Questlove can do it all. The Roots drummer is the musical director at The Tonight Show, the owner of an Impossible cheesesteak company, a cookbook author, and even the voice of a Pixar character. Now, he’s adding another title to his resumé, as he’s set to make his directorial debut with the upcoming documentary Black Woodstock.
In production now, the feature-length doc centers on the Harlem Cultural Festival of 1969. The six-day concert series was set in Mount Morris Park and featured performances by Stevie Wonder, Sly and the Family Stone, Nina Simone, B.B. King, The Staple Singers, and more.
Though the event occurred during the same summer as the iconic Woodstock festival and drew over 300,000 guests, its place in history is nowhere near as prominent. Mainstream media at the time barely covered the Harlem Cultural Festival. Fortunately, television cameraman Hal Tulchin was on hand to capture over 40 hours of video during the shows. Locked in storage for five decades, the never-before-seen footage serves as the basis for Black Woodstock.
Said Questlove in a statement,
“I am truly excited to help bring the passion, the story and the music of the Harlem Cultural Festival to audiences around the world. The performances are extraordinary. I was stunned when I saw the lost footage for the first time. It’s incredible to look at 50 years of history that’s never been told, and I’m eager and humbled to tell that story.”

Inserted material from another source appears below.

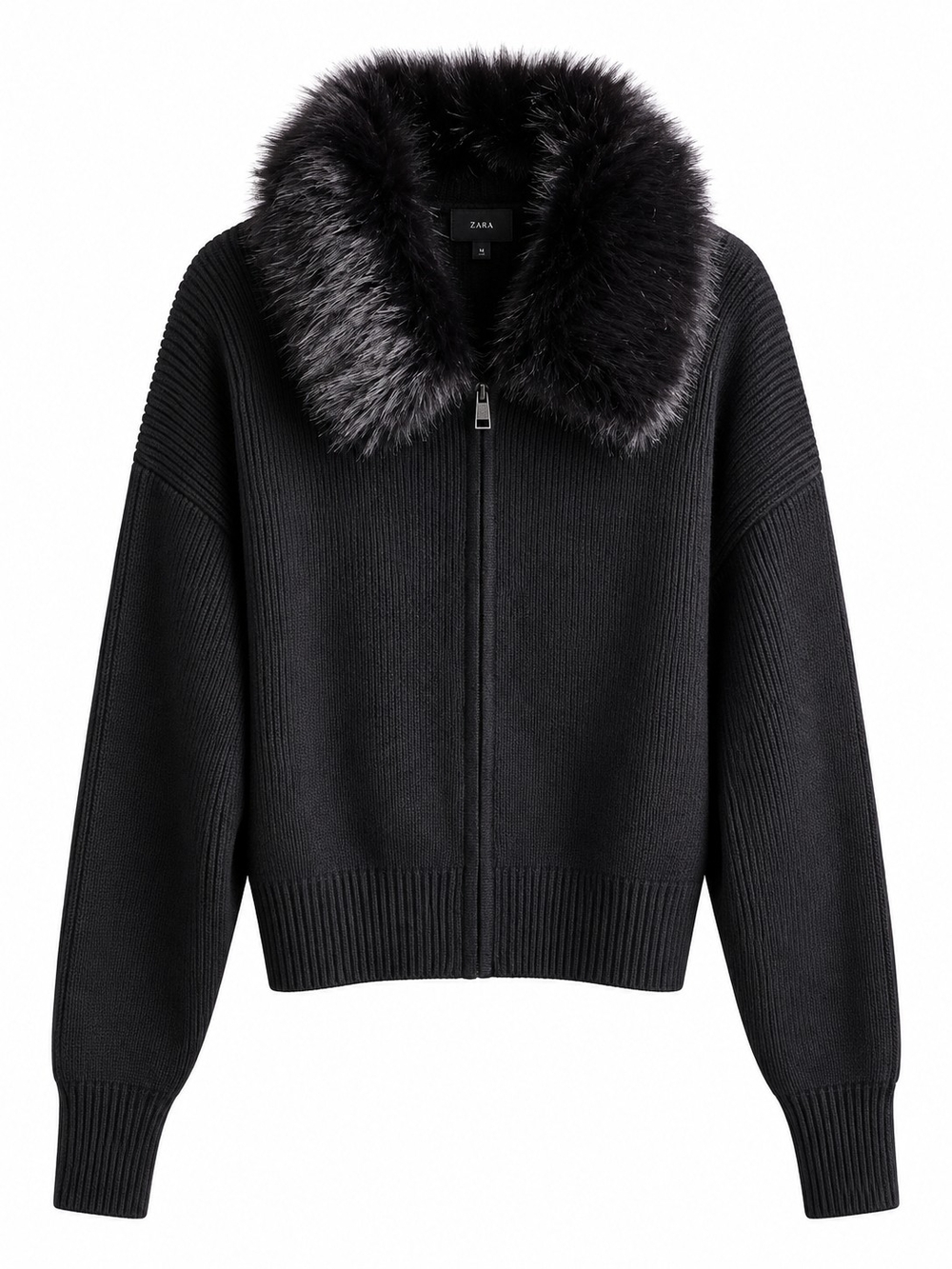 GAP Black Ribbed Knit Jacket with Faux-Fur Collar Size XXL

No release date has been set for Black Woodstock, but history buffs and music fans alike should be anticipating Questlove’s first turn as director. Producers on the project include Robert Fyvolent, David Dinerstein and Joseph Patel, while RadicalMedia’s Jon Kamen and Dave Sirulnick will serve as EPs alongside Beth Hubbard. Joshua L. Pearson (What Happened, Miss Simone?) has been tapped as editor, and Randal Poster (Grand Budapest Hotel) is on board as musical director.